I have a requirement for a very specific Lucene implementation which stores multiple "Properties" fields with deserialized JSON strings.
Example:
Document:
ID: "99"
Text: "Lorepsum Ipsum"
Properties: "{
"lastModified": "1/2/2015",
"user": "johndoe",
"modifiedChars": 2,
"before": "text a",
"after": "text b",
}"
Properties:"{
"lastModified": "1/2/2013",
"user": "johncotton",
"modifiedChars": 6,
"before": "text aa",
"after": "text bbb",
}"
Properties: "{
"lastModified": "1/3/2015",
"user": "johnmajor",
"modifiedChars": 3,
"before": "text aa",
"after": "text b",
}"
I'm aware that ElasticSearch and Solr have implementations to lookup within JSON objects but I'm using Lucene's core API (3.0.5).

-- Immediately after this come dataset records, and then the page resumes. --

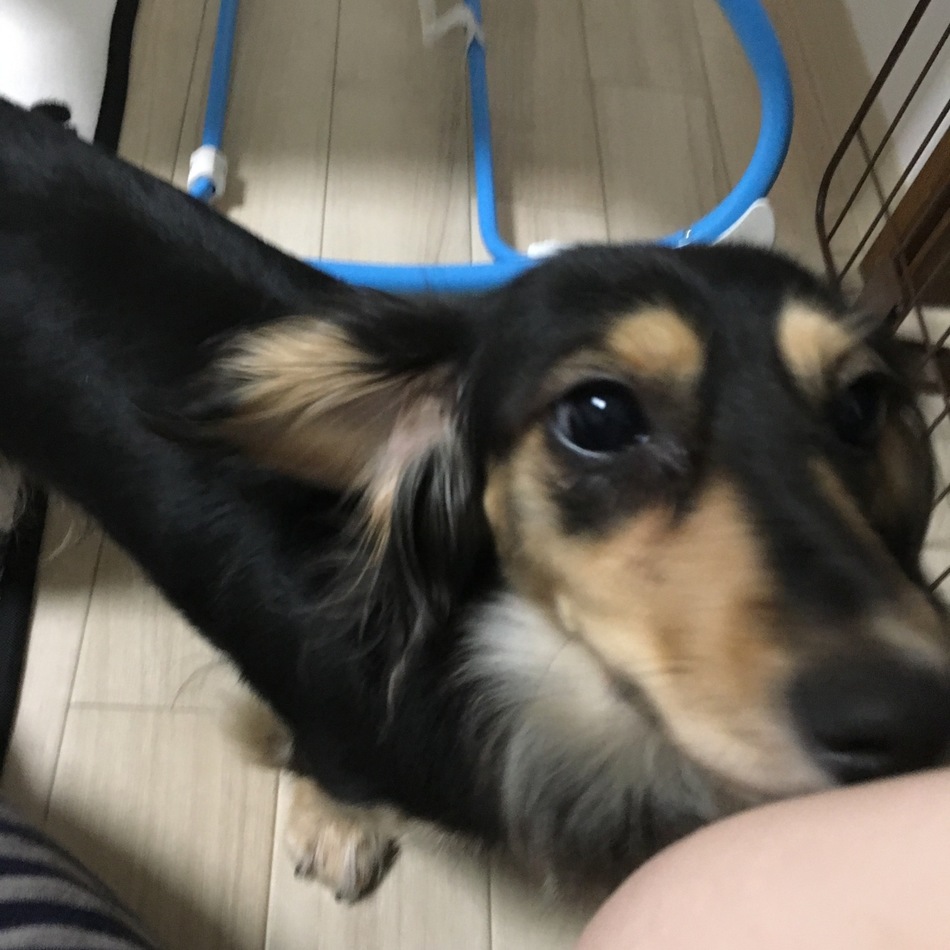 ココアのカバー写真
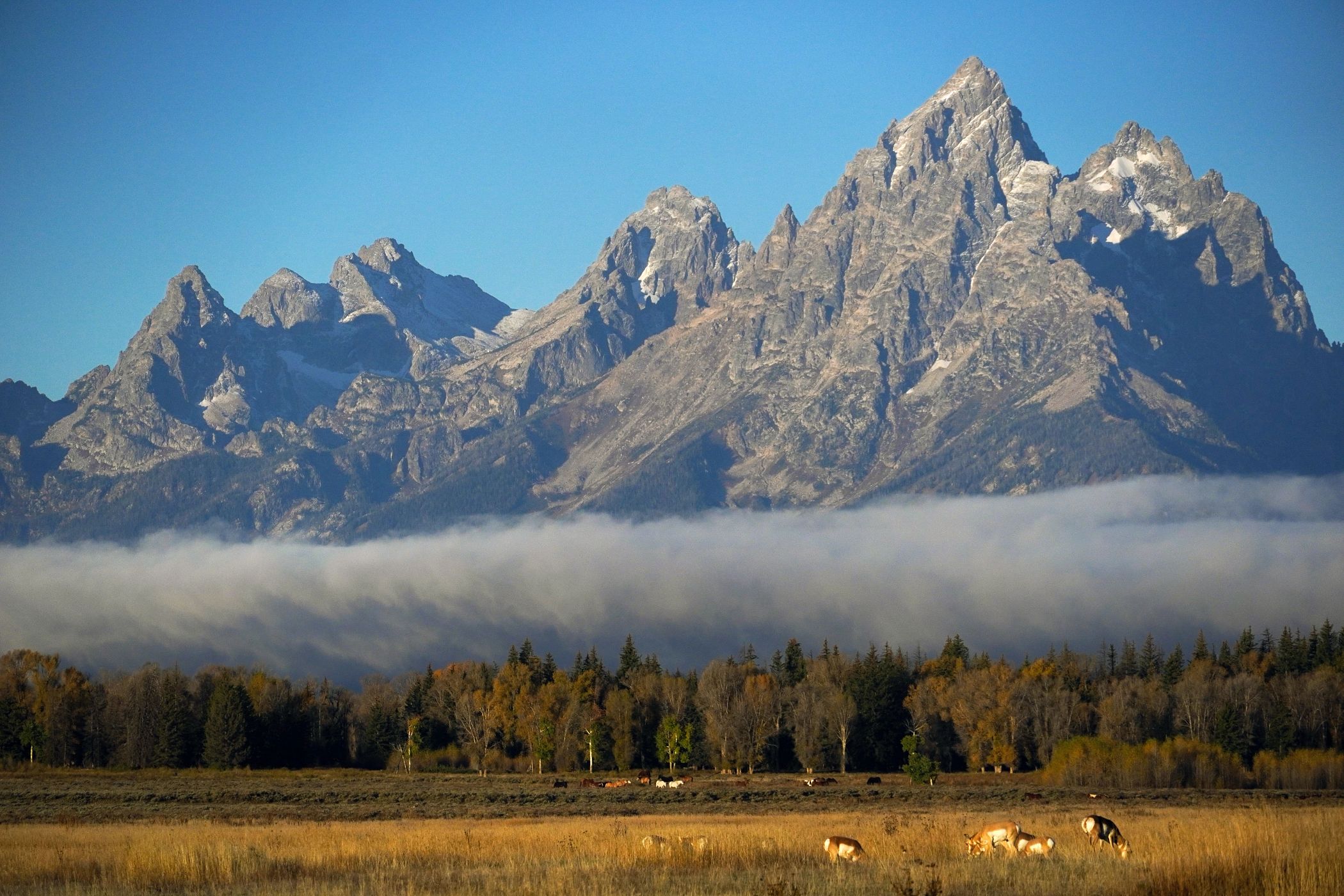 Pronghorn and horses grazing in a field in front of the Grand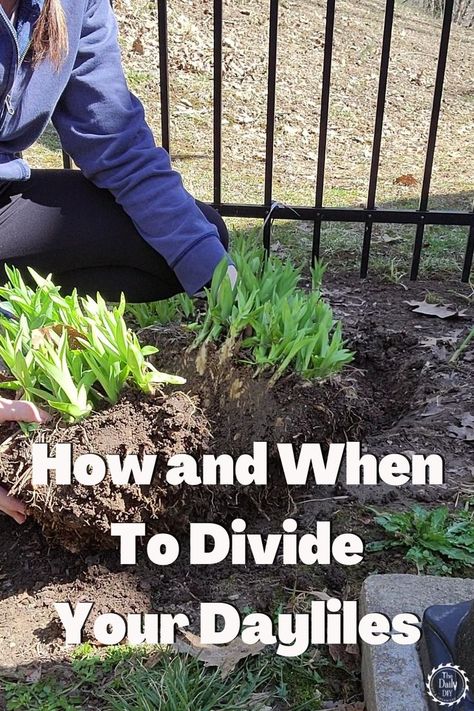 Split Your Lilies In Spring The Easy Way - The Daily DIY How To Divide Plants, How To Care For Daylilies, Splitting Day Lillies, Dividing Day Lilies, Planting Daylilies, Day Lilies Landscaping, Daylily Landscaping, Landscaping With Daylilies, Daylilies Landscaping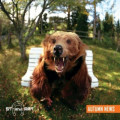 STandART - Autumn News (CD)
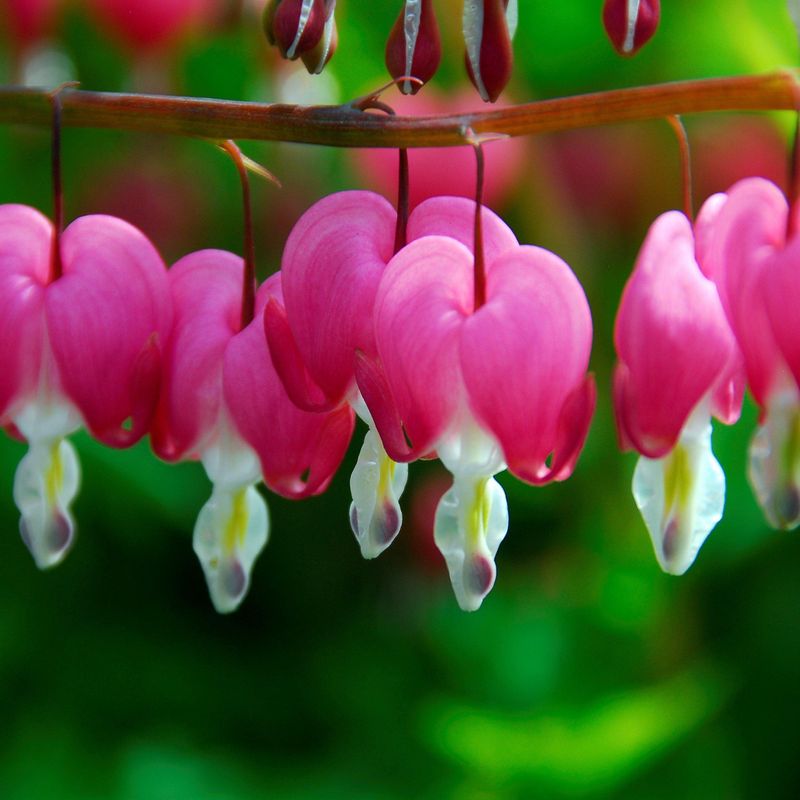 Bleeding Heart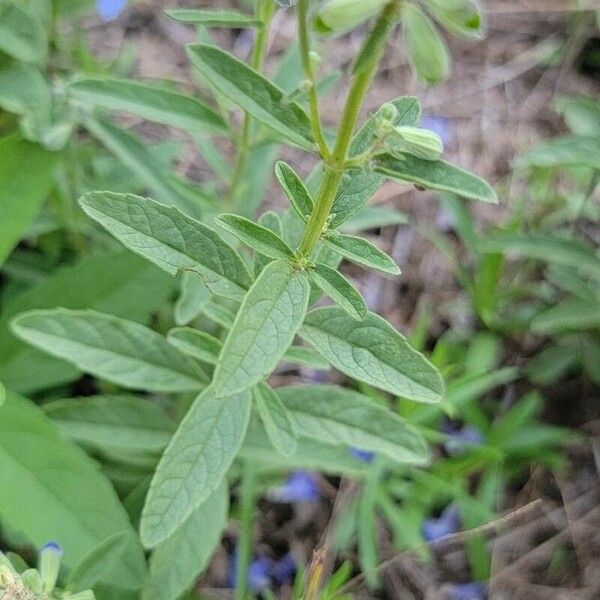 Salvia azurea 葉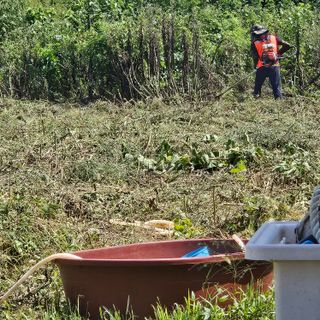 이주환님의 기타작물 · 영농일지 작성글 사진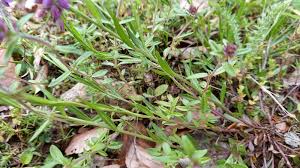 Attēlu rezultāti vaicājumam “Polygala vulgaris leaf”
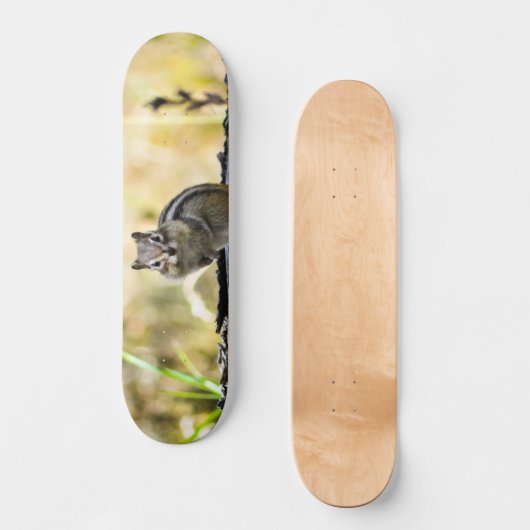Niedlich Chipmunk Skateboard (Vorderseite)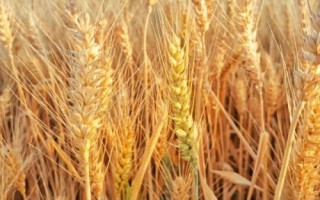 粮食农作物可以分为哪三类,谷类、豆类和薯类作物三大类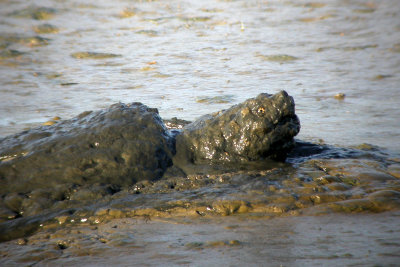 Snapping Turtle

My goal is to use lucene's API and with some added implementation to search within the JSON strings, for example:
Building a type of BooleanQuery where at least one "Properties" Field MUST match all the values in the query. (e.g query "+user:tom +modifiedChars:3 +before:"text A", etc)
I have some ideas but I have no clue where to begin. What I'm asking is some high level ideas to achieve such implementation. A custom analyzer maybe to use with a query parser? Consider it an open ended question. All suggestions are welcome.